From interest to reality: Design a successful orientation for volunteers
Once you’ve taken the steps to get a volunteer started in their service, it’s important to create a volunteer orientation that is holistic and informative.
Once a volunteer has passed your organization’s screening requirements, provide him or her with an orientation. Orientation helps volunteers feel comfortable in their role and is a critical component of any volunteer program. Orientation sets the stage for service to begin and helps a volunteer feel like part of the team.
Though volunteers will continue to get more acquainted with the organization over time, orientation helps to establish that relationship by explaining how things work there. During orientation, volunteers become aware of what various rules and procedures they will be expected to follow, how they should perform and behave in their role and what everyone’s responsibilities are.

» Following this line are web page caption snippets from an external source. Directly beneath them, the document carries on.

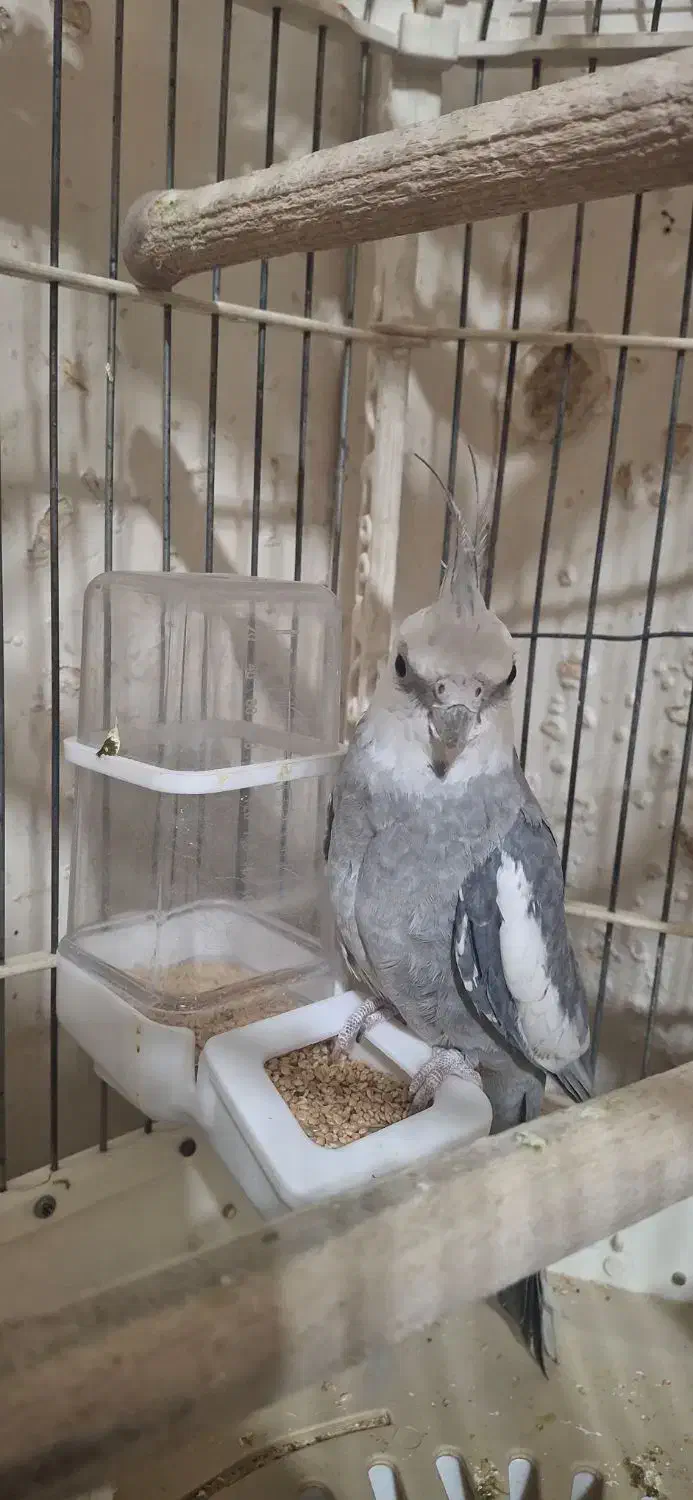 یک جفت عروس هلندی جوان و بالغ|پرنده|تهران, دولاب|دیوار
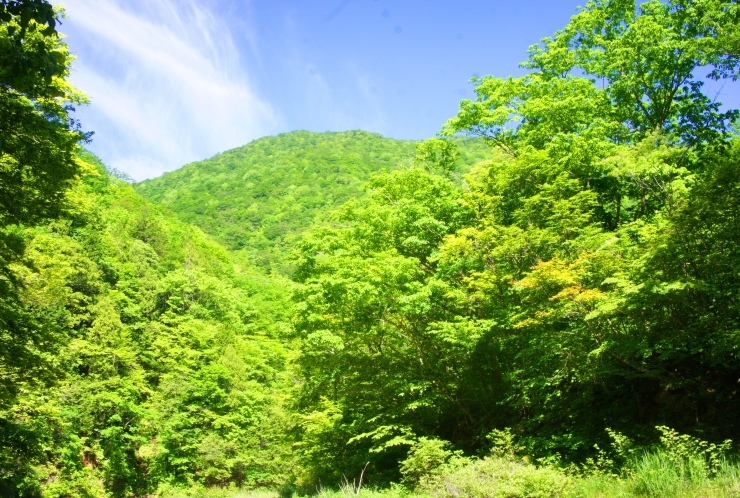 d0257922_08184428.jpg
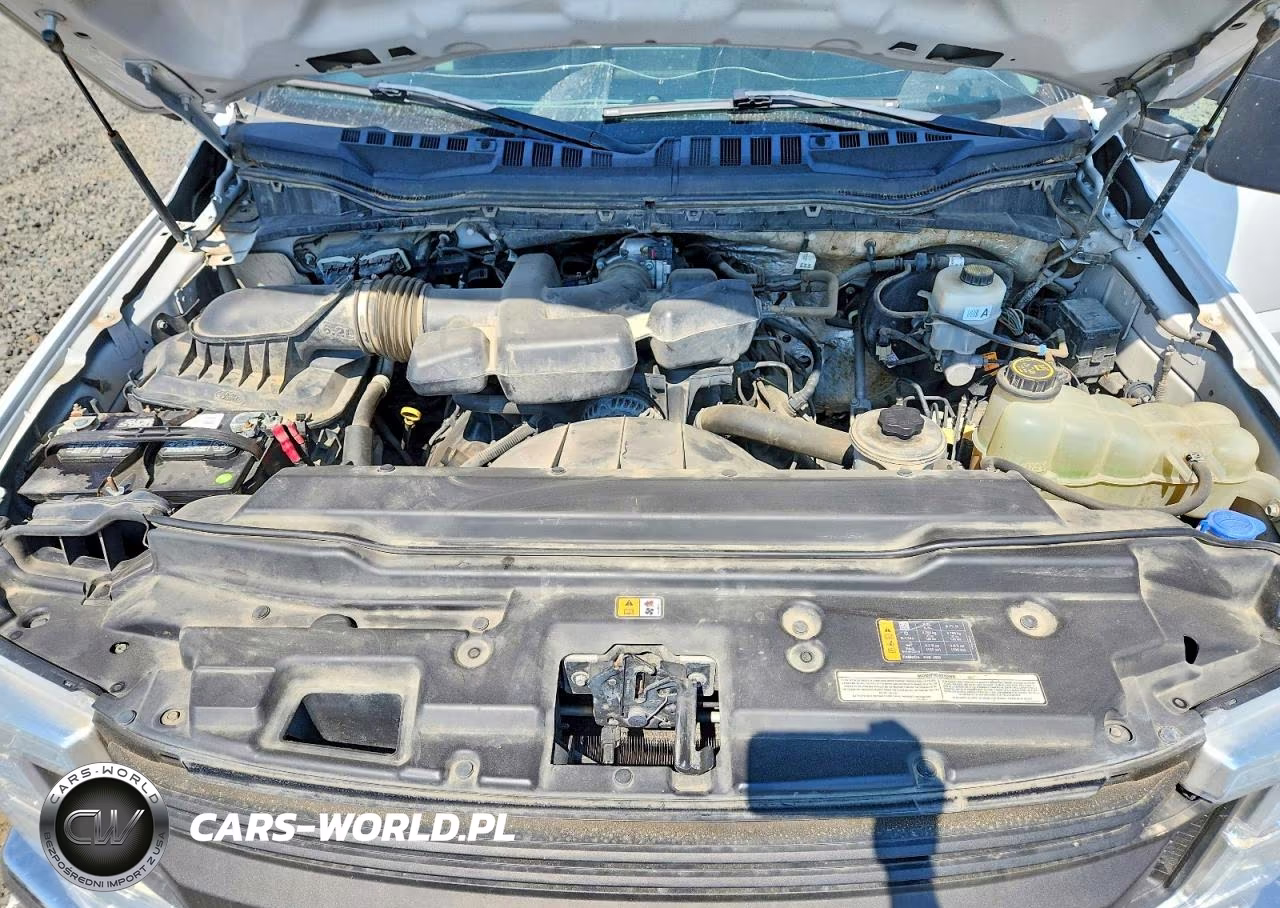2019 Ford F350 Super Duty VIN:1FT8W3B63KED26224 - 12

Orientation can be done in a variety of ways. Most organizations use an on-site organization where they bring volunteers into the service site and introduce staff, share practical details like where to put their belongings, restrooms, sign in sheets, etc., introduction to the supervisor and an overview of the position, an overview of the staff roles and a tour of the facility.
An on-site orientation can work well when you’re bringing a group of volunteers together and they will all be serving in similar kinds of roles. This can help them to establish a support system of other volunteers, which can aid in the retention process. For more specific or intense roles, you might consider a one-on-one orientation with the volunteer and his or her supervisor. This helps to establish a strong relationship where the volunteer feels as though they have a support network and a place to go when things become challenging.
Some organizations might also include an independent study or virtual orientation where volunteers are asked to review materials and complete activities on their own. Independent activities are often easier to schedule; however, they limit the networking opportunities of an on-site orientation. Virtual orientations can be wonderful and provide asynchronous opportunities for volunteers to connect but they also require a good deal of foresight to ensure that activities are interactive and technology is easy to navigate.
Regardless of which method you choose for orientation, there are some common elements that should be included. Volunteers should be aware of the organization’s mission and purpose. They should understand the basic structure of the organization and who to go to for support at various levels.
An orientation should clarify the expectations of that volunteer’s position and what their responsibilities are within the organization and the community. Volunteers should review their position description again through orientation and discuss any questions, concerns, or potential alterations needed to be made with their supervisor. Additionally, volunteers should receive information about various personnel procedures like where to park, what to wear, attendance, etc. and receive a telephone and email directory of relevant staff.
Finally, orientation might also include an assessment of what training a volunteer should complete before beginning service or as ongoing training.